20110523

Game, Set, Point

Finally got around to watching Match Point over the weekend. A friend had recommended it, and it certainly sounded interesting.

It wasn't really what I was expecting, insofar as it took place over a much longer timeframe, and I didn't really expect actual marriages to be getting in the way. I guess I expected it to be all about Tom and Chris, with Nola in the middle. But it was mostly about Chris marrying Chloe, though still with Nola in the middle.

It started with Chris as an Irishman who'd been on the pro tennis tour briefly, but didn't find himself cut out for it, mentally if not physically. So he went to London to teach Tennis. Tom was a rich guy who played a bit of tennis in college, but hadn't played in a while. A mutual interest in opera got them to talking a bit more, and Chris met Chloe, Tom's sister, the first time they all went to the opera.

Chloe liked, or maybe was intrigued by, Chris when they met there, and invited him out to the family country estate soon after. Chloe and Chris definitely hit it off there, and fell in love. Simple, right? Well, Chris also met Nola at the party, and obviously wanted her, but she was already engaged to Tom, so it was left a bit... hanging, that day.

As I said, most of the movie is focused on the triangle of Chris, Chloe, and Nola. Said triangle got especially interesting once Tom and Nola broke it off, even though Chris and Chloe were married at that point. To make it even more complex, Chris was working for Chloe's dad (and apparently doing well for himself at that). Plus, as soon as they were married, Chloe wanted to get started on having a family (and probably did not go about it the right way; a bit too... clinical, I suppose, for Chris).
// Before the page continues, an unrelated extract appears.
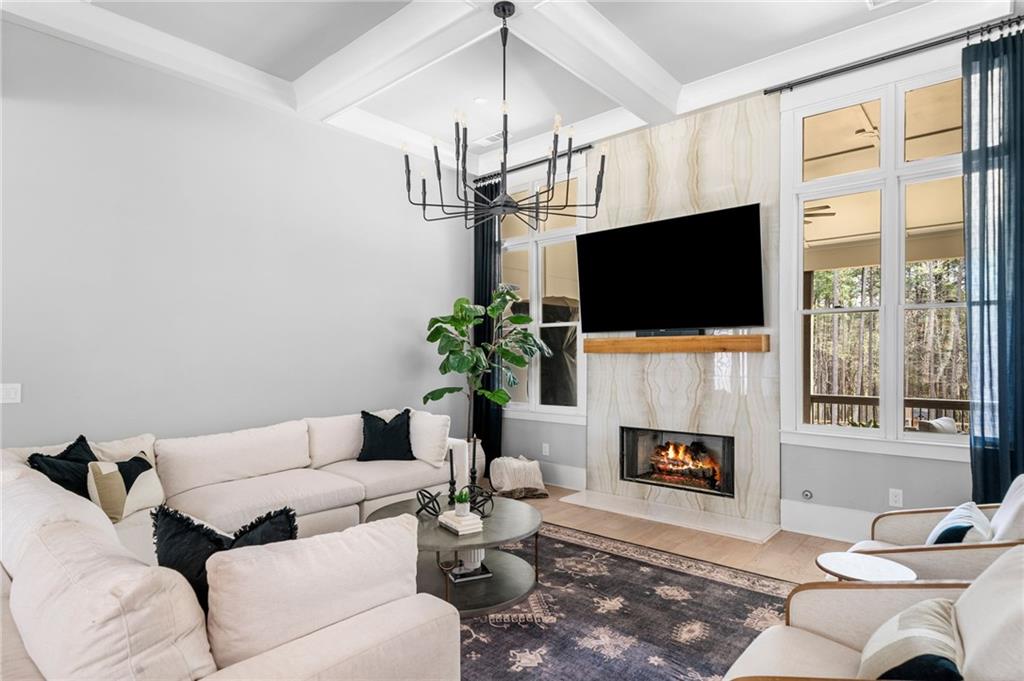 8215 Highway 81 Bethlehem, GA 30620 - Photo 10 of 60 a living room with furniture a fireplace and a flat screen tv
Anyway, there was a scene at the beginning of the movie where Chris is narrating, about the luck and skill involved in playing tennis. It shows the ball hitting the top of the net and bouncing upwards: he talks about whether it goes over, and you win, or bounces back, where you lose. The scene ends with the ball at the apex of its bounce, without showing where it lands.

Chris goes on to do some remarkably stupid (if, perhaps, fairly typical) things in the movie. Eventually, feeling completely trapped, he takes it to an entirely new level (of extremity and stupidity). We see that he isn't very good. Is he lucky?

I really liked how, at one point, he throws a piece of evidence towards the river; you can see the parallel with the tennis ball scene immediately. But they turned it on its head, in a way, which led to a very funny (in an ironic sense more than a hilarious sense) ending.

I mostly can't stand sit-coms, because most of the action in driven by people doing very stupid things. No Ordinary Family, which I really liked for the first couple of episodes, lost me in the third episode when it did that. I kept thinking I might try it again, but I never did.

In any event, this movie was a bit odd, because I enjoyed it even though much of the dynamic was the same. Maybe it was just because it was much darker in its handling of that stupidity; I'm not really sure. Maybe I just really liked the luck vs skill conundrum.

Certainly, that rates heavily in many endeavors (probably most, actually). I played Magic: The Gathering very seriously for a long time, but I eventually gave it up because I decided the luck factor was just too big. (If anyone's interested, I sold most of my cards, but I still have my mox/lotus/power blue/library set; mostly in beta.) Anyway, I think that's mostly the same as what Chris went through, just before the movie started.

He decided to teach tennis; I decided to focus more on computers (which, really, I was already doing. It just cut down on distraction).

One last thing about the movie; I thought it was very well acted, all the way around. Scarlett Johansson, as Nola, was playing roughly the same role she did in He's Just not That Into You. Johnathan Rhys Meyers played a very similar role, at least at the beginning, to what he did in Bend It Like Beckham (though, sadly, it still took me about ten minutes to recognize him as the same guy). And Brian Cox played the father's role to the hilt; he mostly seems to get supporting roles, but he's a fabulous actor. The rest of the cast also did a very good job, but I didn't recognize any of them.